Оба моих собеседника пожали плечами.

— Доктор, как бы вам все это объяснить? — сказал сын. — Шоу-то не отменишь.

— Значит, придется, если вы хотите, чтобы я помог вам. Вы что, не понимаете, что это редкое, ценное животное исчезающего вида? Такое за тысячу миль нельзя подпускать к цирку!

— Но мы же заботимся о нем, доктор. Мы делаем для него все лучшее. Не то что эти черномазые в Африке, которые едят горилл. А здесь у нас он в безопасности.

У меня не было слов. Я вышел из шатра. Ветер кружил метель из бумажного мусора, а над темнеющим морем жалобно кричали чайки. Позади меня раздавались глухие удары барабана, возвещавшего о том, что начался финал.

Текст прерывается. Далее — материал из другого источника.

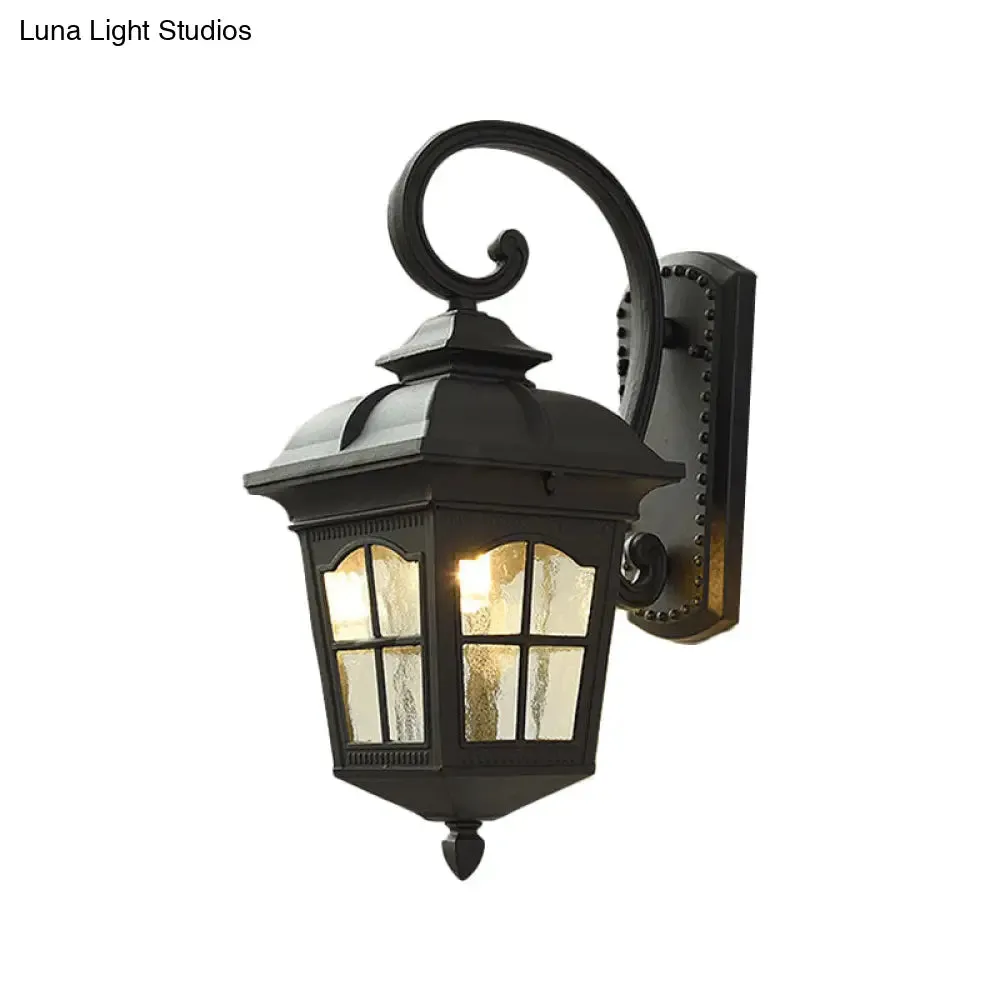 Antique Black Lantern Wall Lamp with Seedy Glass - 1 Light, Up/Down Curved Arm - 10"/12.5" W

Но вот представление окончено, сняты костюмы и смыт грим. Пальмони-младший повел меня посмотреть остальных животных. Мы начали с обезьяньего фургона, откуда, как и в прошлый раз, вырывались душераздирающие звуки потустороннего мира. Когда Пальмони в конце концов утихомирил обитателей преисподней, постучав колышком от палатки по железным прутьям, я стал осматривать каждого шимпанзе. Итальянец открывал одну за другой дверцы клеток, за исключением той, где сидел рассерженный самец, и я входил туда, осматривая животное. Это было похоже на посещение камер смертников. Некоторые шимпанзе торжественно сидели у задних стенок своих темниц, другие осторожно выходили и усаживались на пол коридора; сидели, как правило, нервозно. Я был поражен. Каждая из обезьян страдала тем или иным заболеванием. У одной из них был запущенный абсцесс нижней челюсти, развившейся в хроническую фистулу. Другая была почти слепа из-за двойной катаракты. У третьей на голове была опухоль с гусиное яйцо. Но вот распахнулась очередная дверца, и взору моему предстал самый хворый шимпанзе, какого мне когда-либо доводилось видеть. Обитательница клетки, самка средних лет, не могла ни ходить, ни лазить, ни даже сесть — настолько она была слаба. Она могла только медленно ползать на животе. Сквозь редкую черную шерсть проглядывала белая, точно кость, кожа; столь же белыми были ее десны и конъюнктива. Когда я тронул ее изможденную фигуру, она взяла меня за руку и прижалась ко мне. Над каждым местом, где торчала кость, начал образовываться пролежень.

— И давно она у вас такая? — спросил я.

— Какая, доктор?

Я заскрежетал зубами и почувствовал, что одна из коронок, которую я только что поставил, рассыпалась на колючие крошки.